The International Monetary Fund (IMF) projected an overall growth rate of six percent this year for the global economy, but worldwide poverty, hunger and debt are rising. COVID-19 is causing supply chain issues around the world and the IMF warns that it could have lingering impacts for at least the next five years. [The New York Times]
- Expect higher heating bills this winter. The Energy Information Administration (EIA) warned that roughly half of the homes heated by natural gas can expect to spend an average of 30 percent more on their electric bill compared to last year. Natural gas futures are at a seven-year high, and economists expect the price to continue rising.

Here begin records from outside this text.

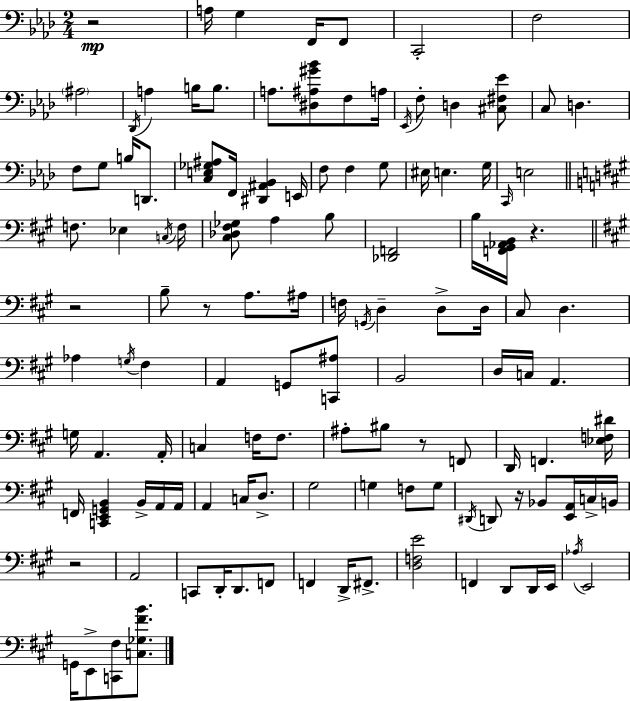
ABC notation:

X:1
T:Untitled
M:2/4
L:1/4
K:Fm
z2 A,/4 G, F,,/4 F,,/2 C,,2 F,2 ^A,2 _D,,/4 A, B,/4 B,/2 A,/2 [^D,^A,^G_B]/2 F,/2 A,/4 _E,,/4 F,/2 D, [^C,^F,_E]/2 C,/2 D, F,/2 G,/2 B,/4 D,,/2 [C,E,_G,^A,]/2 F,,/4 [^D,,^A,,_B,,] E,,/4 F,/2 F, G,/2 ^E,/4 E, G,/4 C,,/4 E,2 F,/2 _E, C,/4 F,/4 [^C,_D,^F,_G,]/2 A, B,/2 [_D,,F,,]2 B,/4 [F,,^G,,_A,,B,,]/4 z z2 B,/2 z/2 A,/2 ^A,/4 F,/4 G,,/4 D, D,/2 D,/4 ^C,/2 D, _A, G,/4 ^F, A,, G,,/2 [C,,^A,]/2 B,,2 D,/4 C,/4 A,, G,/4 A,, A,,/4 C, F,/4 F,/2 ^A,/2 ^B,/2 z/2 F,,/2 D,,/4 F,, [_E,F,^D]/4 F,,/4 [C,,E,,G,,B,,] B,,/4 A,,/4 A,,/4 A,, C,/4 D,/2 ^G,2 G, F,/2 G,/2 ^D,,/4 D,,/2 z/4 _B,,/2 [E,,A,,]/4 C,/4 B,,/4 z2 A,,2 C,,/2 D,,/4 D,,/2 F,,/2 F,, D,,/4 ^F,,/2 [D,F,E]2 F,, D,,/2 D,,/4 E,,/4 _A,/4 E,,2 G,,/4 E,,/2 [C,,^F,]/2 [C,_G,^FB]/2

If the winter temperatures are 10 percent cooler than last year, bills could be expected to be 50 percent higher. If the winter is 10 percent warmer than last year, bills could be expected to be 22 percent higher. The EIA attributed the higher costs to rising energy prices. [The Wall Street Journal]
- With more electric vehicles being produced, will the United States’ electric grid be able to adequately serve those cars on the road? President Joe Biden’s administration wants to see electric cars account for half of all car sales by 2030 in order to battle climate change. New York wants to ban sales of internal combustion engine cars by 2035.
But the electric grid needs massive upgrades to be able to deliver clean energy for many drivers. By 2050, New York projects that electric cars, trucks and buses will use 14 percent of the state’s backup – roughly half of the output typical of New York City. Without a renewable source of electricity, electric vehicles will contribute to climate change where fossil fuels are being burned at power plants. [The Washington Post]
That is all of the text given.